6. The color combiner module according to any one of claims 1 to 5, wherein the lens mount comprises a lens mount and a prism mount, the optical part comprises an optical lens mounted to the lens mount and a color combining prism mounted to the prism mount, the prism mount has at least two side openings, at least one of the side openings corresponds to the optical lens, the remaining side openings correspond to the projection assembly, and a projection path of the projection assembly is converged to a center of the color combining prism and projected to the optical lens.

7. The color combining camera module of claim 6, wherein at least one of the projection assemblies comprises three projection assemblies, namely a first projection assembly, a second projection assembly and a third projection assembly, wherein the light emitting chips are eccentrically arranged relative to the circuit board, and the eccentric arrangement directions of the light emitting chips of the three projection assemblies are all close to the same side wall of the prism mounting body.

8. The hybrid camera module of claim 7, wherein the heat sink includes first, second, and third heat sinks in a U-shaped distribution, the first heat sink corresponding to the back of the first projection assembly, the second heat sink corresponding to the back of the second projection assembly, and the third heat sink corresponding to the back of the third projection assembly.

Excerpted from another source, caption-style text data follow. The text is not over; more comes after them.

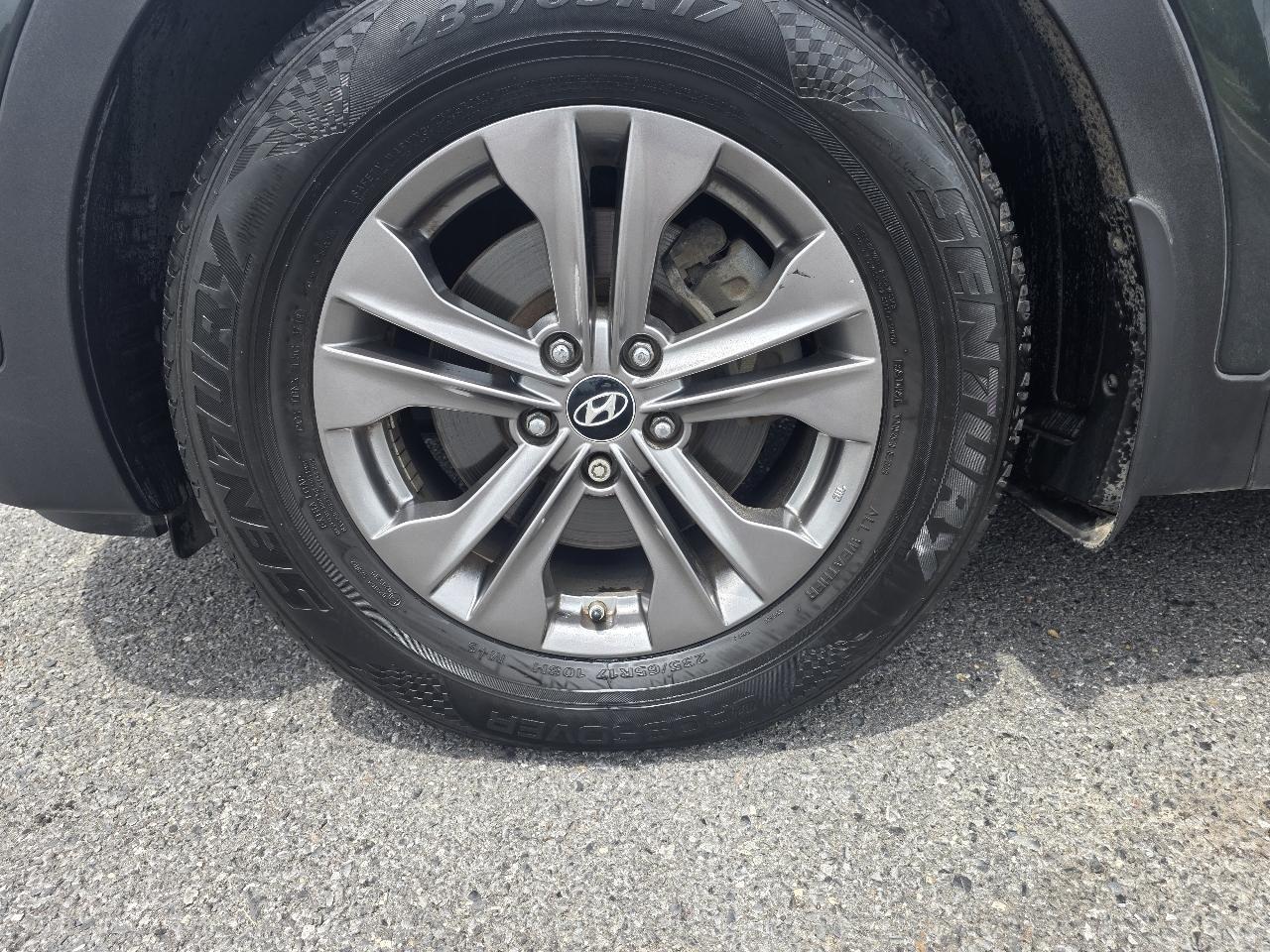 Hyundai Santa Fe FWD 4dr Sport 2013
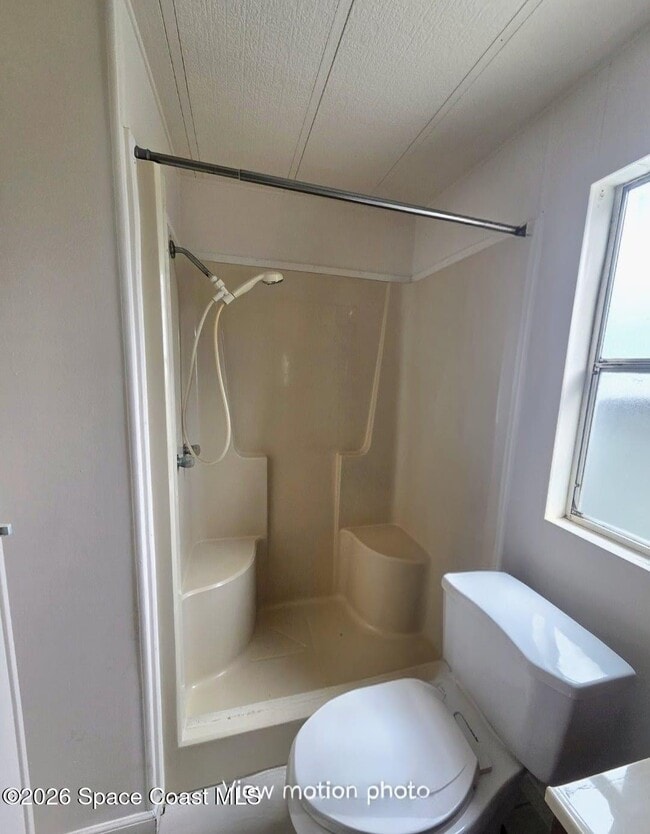 Building Photo - 2104 Mobiland Dr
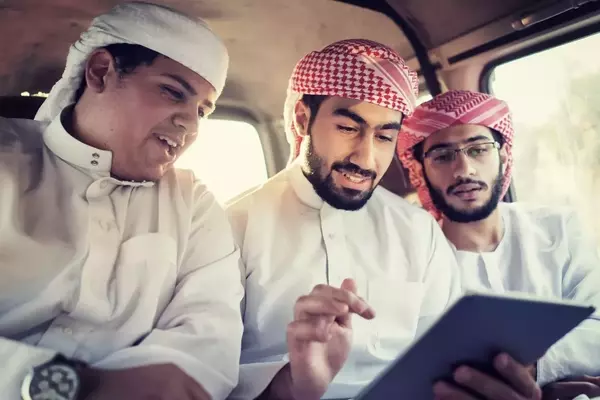 Islamic Finance: Principles, Investments, and Modern Applications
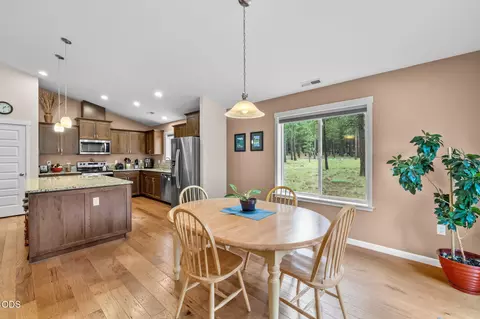 Dining - 14431 Crossroads Loop, Sisters, OR 97759 photo 2 of 3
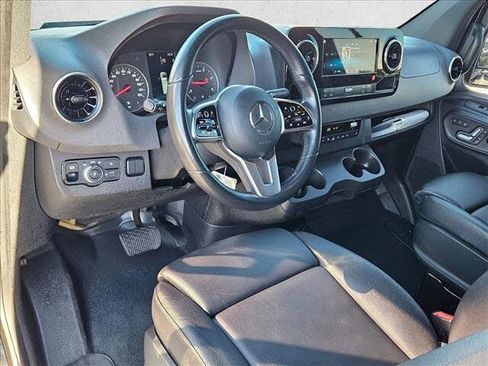 Used 2021 Mercedes-Benz Sprinter 2500 image 10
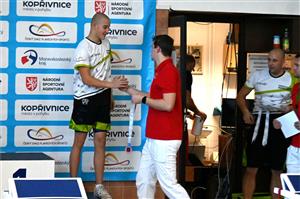 Kopřivnický plavec Jiří Zátopek přebírá jednu ze svých pěti medailí na domácím MČR staršího žactva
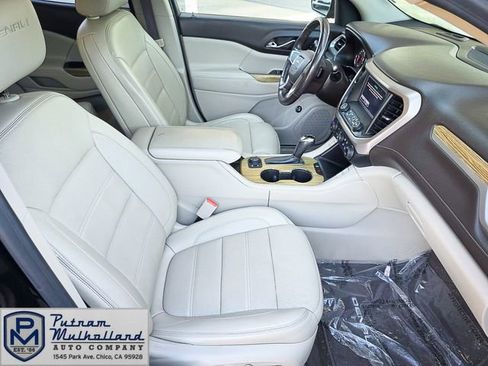 Used 2017 GMC Acadia Denali w/ Technology Package AWD/4WD image 11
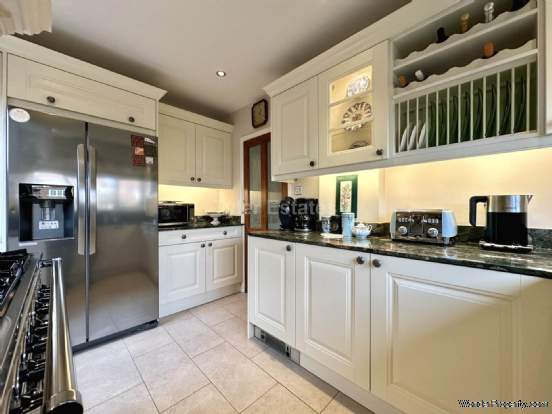 Additional Property Image 4 bedroom Detached for sale in Billericay 15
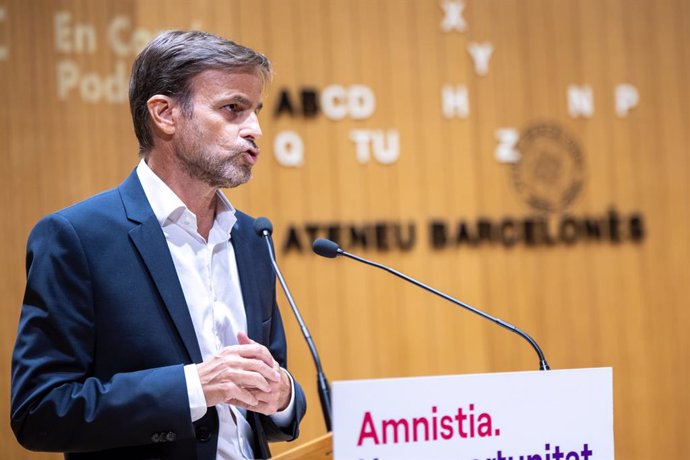 L'exdiputat d'En Comú Podem Jaume Asens intervé durant l'acte de Sumar-Comuns per presentar el seu dictamen jurídic sobre l'amnistia, en l'Ateneu de Barcelona, a 10 d'octubre de 2023, a Barcelona, Catalunya (Espanya).  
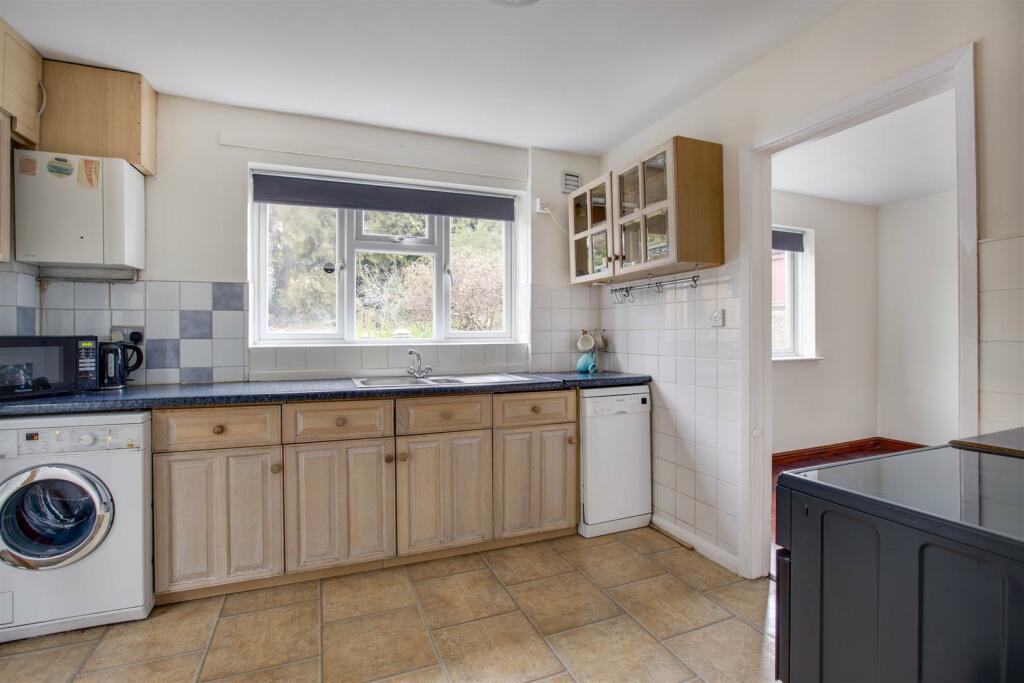93 Gayhurst Road, HP13 7XJ (LOW RES)-11.jpg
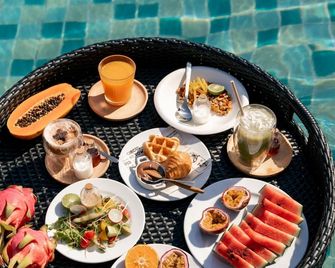 Ratana Hotel Chalong - Rawai - Φαγητό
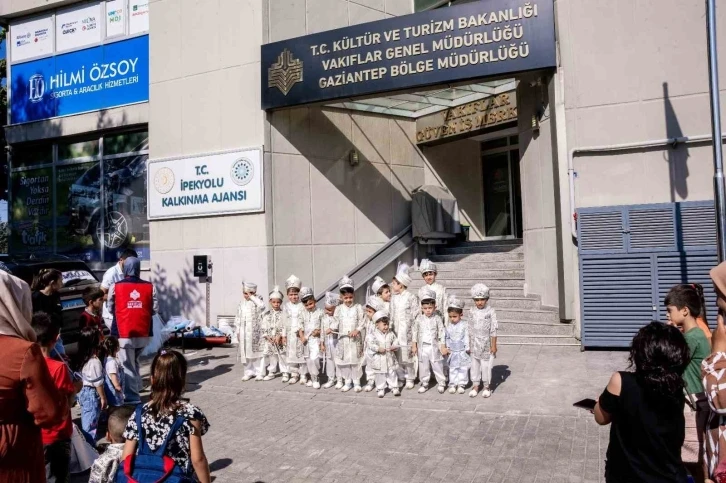 20 Çocuk Sünnet Şöleniyle Mutlu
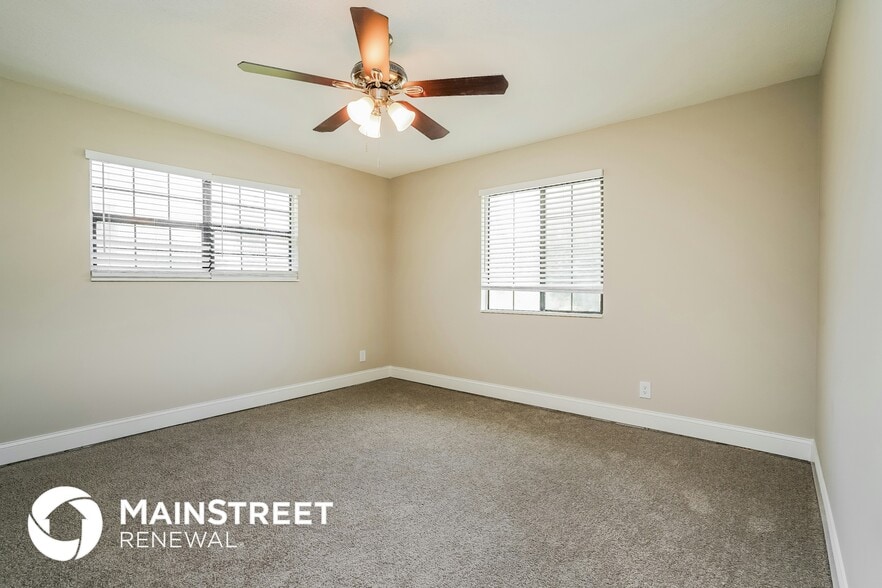 Building Photo - 8120 Pelican Rd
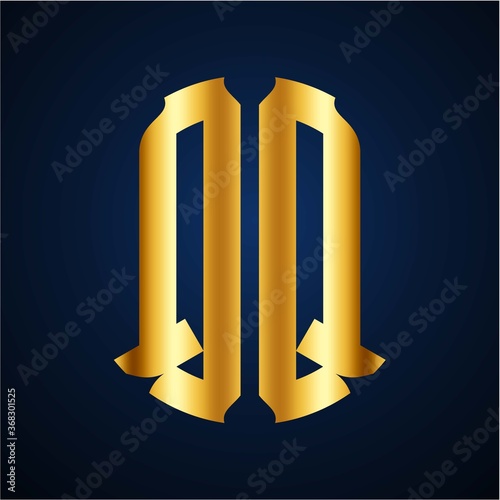 initials golden circle  QQ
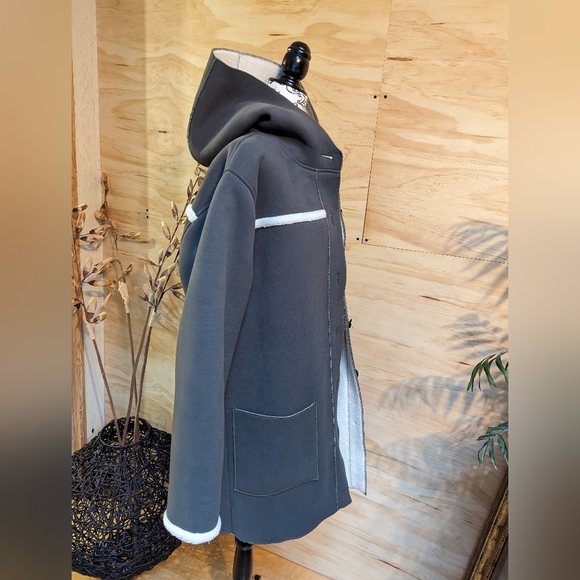 Liz Claiborne coat - Picture 2 of 6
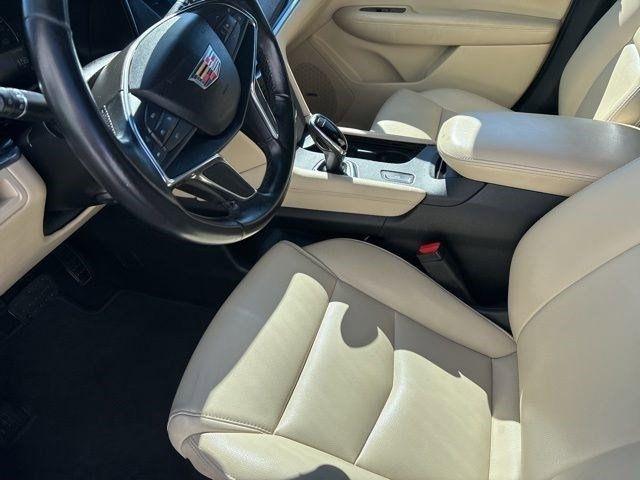 Cadillac XT5 Base 2019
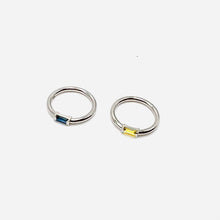 Load image into Gallery viewer, Ring AUDE 18K Gold Ring Blue Sapphire Baguette Cut
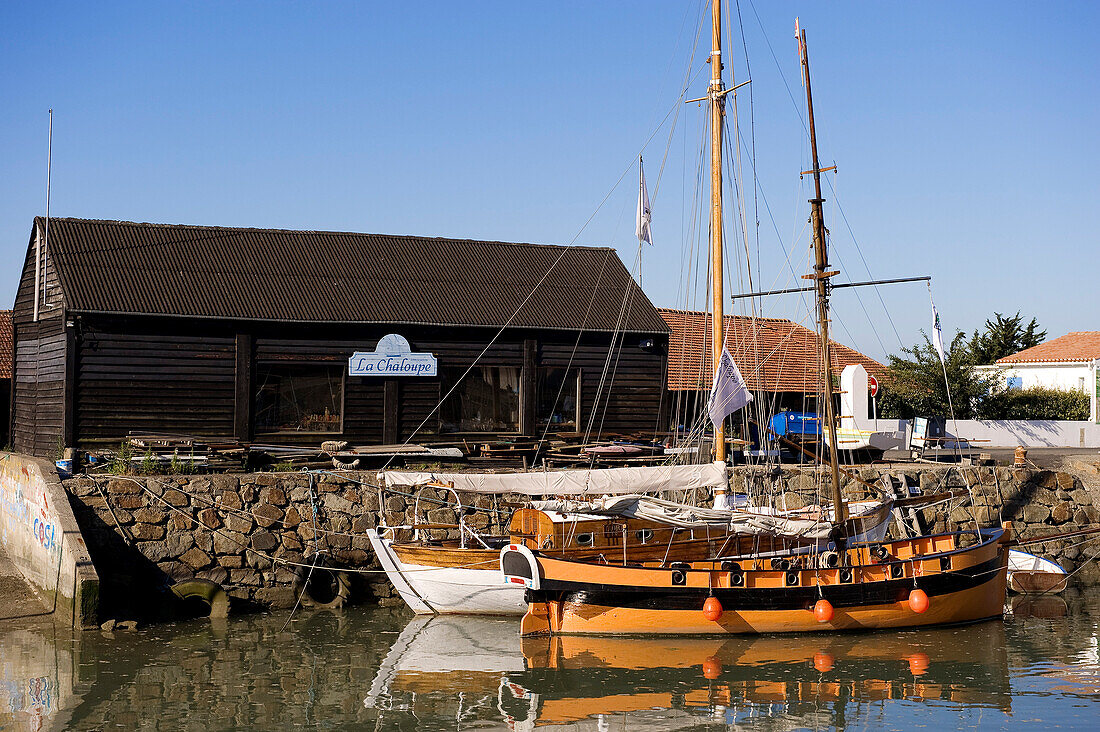 France, Vendee, Ile de Noirmoutier, Noirmoutier en l'Ile, Boucaud district and old sail boats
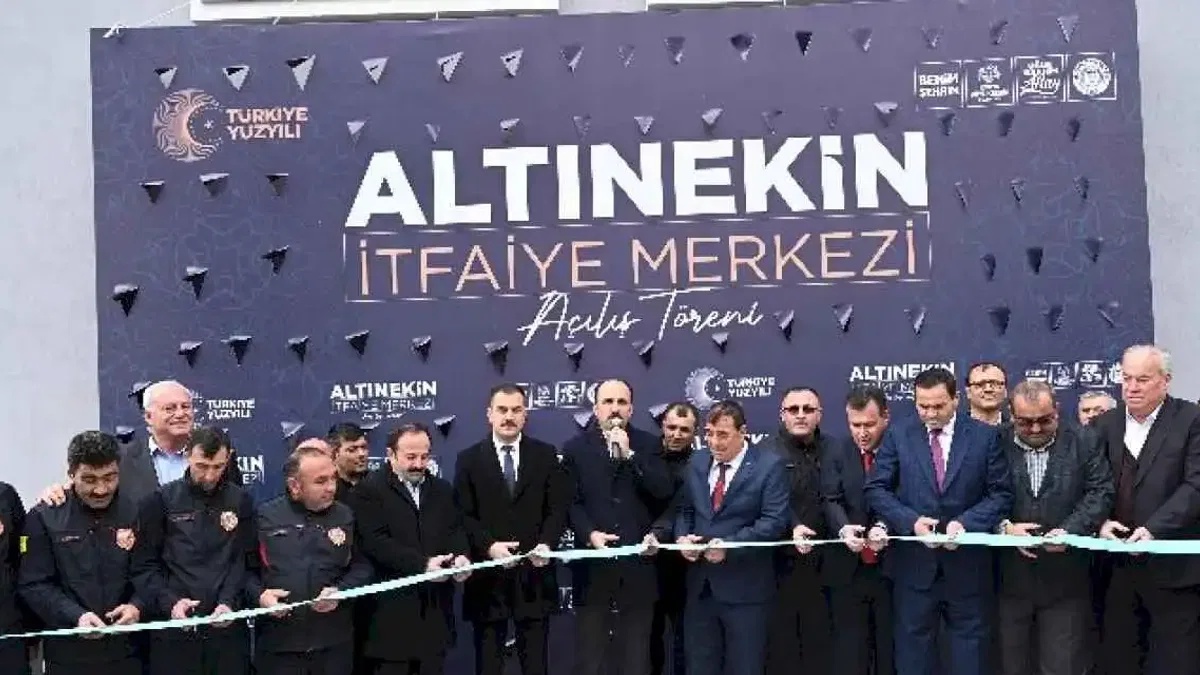 Başkan Altay itfaiye merkezi açılışına katıldı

9. The color combining camera module of claim 7, wherein the projection assembly further comprises a light transmissive cover plate disposed over the light emitting chip, the light transmissive cover plate being eccentrically disposed to one side of the projection assembly.

10. The color combining camera module of claim 6, wherein the projection assembly further comprises a molded base integrally formed on the upper surface of the circuit board, the molded base forming a light window corresponding to the light emitting chip.